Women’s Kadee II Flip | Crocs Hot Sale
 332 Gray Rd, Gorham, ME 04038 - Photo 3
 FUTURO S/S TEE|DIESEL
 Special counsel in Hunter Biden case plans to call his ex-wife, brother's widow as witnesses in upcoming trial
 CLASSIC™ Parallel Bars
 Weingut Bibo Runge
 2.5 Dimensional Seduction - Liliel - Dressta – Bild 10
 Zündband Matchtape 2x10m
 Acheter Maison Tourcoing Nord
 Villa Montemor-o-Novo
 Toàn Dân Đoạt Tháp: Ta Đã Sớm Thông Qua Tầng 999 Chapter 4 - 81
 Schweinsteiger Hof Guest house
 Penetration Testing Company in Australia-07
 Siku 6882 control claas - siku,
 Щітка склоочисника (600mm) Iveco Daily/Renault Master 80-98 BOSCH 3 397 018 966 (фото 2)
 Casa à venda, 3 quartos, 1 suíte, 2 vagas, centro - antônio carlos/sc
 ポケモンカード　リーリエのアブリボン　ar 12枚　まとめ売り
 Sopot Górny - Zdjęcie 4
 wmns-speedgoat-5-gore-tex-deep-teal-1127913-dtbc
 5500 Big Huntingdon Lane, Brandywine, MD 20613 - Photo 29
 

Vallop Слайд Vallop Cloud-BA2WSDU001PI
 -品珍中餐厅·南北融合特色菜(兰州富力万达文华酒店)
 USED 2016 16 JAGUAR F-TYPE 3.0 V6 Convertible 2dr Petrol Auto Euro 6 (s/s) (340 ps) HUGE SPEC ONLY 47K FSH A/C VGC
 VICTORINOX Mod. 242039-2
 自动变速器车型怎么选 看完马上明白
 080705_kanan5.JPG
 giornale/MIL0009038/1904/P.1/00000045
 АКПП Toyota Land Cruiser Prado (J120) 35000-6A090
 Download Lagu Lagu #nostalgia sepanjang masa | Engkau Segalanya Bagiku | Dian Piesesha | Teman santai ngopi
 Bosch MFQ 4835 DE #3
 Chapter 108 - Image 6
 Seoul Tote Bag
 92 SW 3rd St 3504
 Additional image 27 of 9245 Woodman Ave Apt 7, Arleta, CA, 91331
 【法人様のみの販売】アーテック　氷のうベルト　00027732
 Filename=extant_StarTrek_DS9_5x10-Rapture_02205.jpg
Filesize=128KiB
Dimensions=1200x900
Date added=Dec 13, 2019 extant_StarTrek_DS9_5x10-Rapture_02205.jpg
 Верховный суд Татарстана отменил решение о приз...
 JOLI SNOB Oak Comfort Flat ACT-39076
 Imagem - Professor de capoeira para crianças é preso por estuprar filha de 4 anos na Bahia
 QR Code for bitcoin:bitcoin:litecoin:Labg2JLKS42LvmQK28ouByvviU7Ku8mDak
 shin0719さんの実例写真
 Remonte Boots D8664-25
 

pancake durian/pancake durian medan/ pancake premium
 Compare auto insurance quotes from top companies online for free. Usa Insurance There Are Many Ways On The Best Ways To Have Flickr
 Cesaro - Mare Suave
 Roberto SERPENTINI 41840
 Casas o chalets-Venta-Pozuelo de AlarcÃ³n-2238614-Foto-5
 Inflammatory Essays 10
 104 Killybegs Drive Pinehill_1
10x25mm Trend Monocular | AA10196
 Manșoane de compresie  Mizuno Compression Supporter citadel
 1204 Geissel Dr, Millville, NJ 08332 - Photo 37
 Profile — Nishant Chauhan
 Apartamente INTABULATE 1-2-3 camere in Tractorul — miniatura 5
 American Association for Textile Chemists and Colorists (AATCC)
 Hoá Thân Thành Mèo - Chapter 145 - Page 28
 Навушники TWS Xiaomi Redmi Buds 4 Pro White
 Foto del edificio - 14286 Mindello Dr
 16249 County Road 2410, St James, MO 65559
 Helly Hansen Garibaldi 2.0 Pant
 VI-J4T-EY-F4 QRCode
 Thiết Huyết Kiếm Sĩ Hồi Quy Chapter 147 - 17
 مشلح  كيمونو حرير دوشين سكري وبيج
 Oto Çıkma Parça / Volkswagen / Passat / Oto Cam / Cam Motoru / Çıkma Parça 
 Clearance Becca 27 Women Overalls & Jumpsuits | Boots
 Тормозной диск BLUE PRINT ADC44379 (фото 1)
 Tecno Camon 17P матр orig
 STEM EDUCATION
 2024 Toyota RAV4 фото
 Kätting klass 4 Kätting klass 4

——————

* Exercise brief: Would you retype the lines of the data above, from the one holding "Helly Hansen Garibaldi 2.0 Pant" through its final line, exactly and without adding any other line?

* Reply to the task:
 Helly Hansen Garibaldi 2.0 Pant
 VI-J4T-EY-F4 QRCode
 Thiết Huyết Kiếm Sĩ Hồi Quy Chapter 147 - 17
 مشلح  كيمونو حرير دوشين سكري وبيج
 Oto Çıkma Parça / Volkswagen / Passat / Oto Cam / Cam Motoru / Çıkma Parça 
 Clearance Becca 27 Women Overalls & Jumpsuits | Boots
 Тормозной диск BLUE PRINT ADC44379 (фото 1)
 Tecno Camon 17P матр orig
 STEM EDUCATION
 2024 Toyota RAV4 фото
 Kätting klass 4 Kätting klass 4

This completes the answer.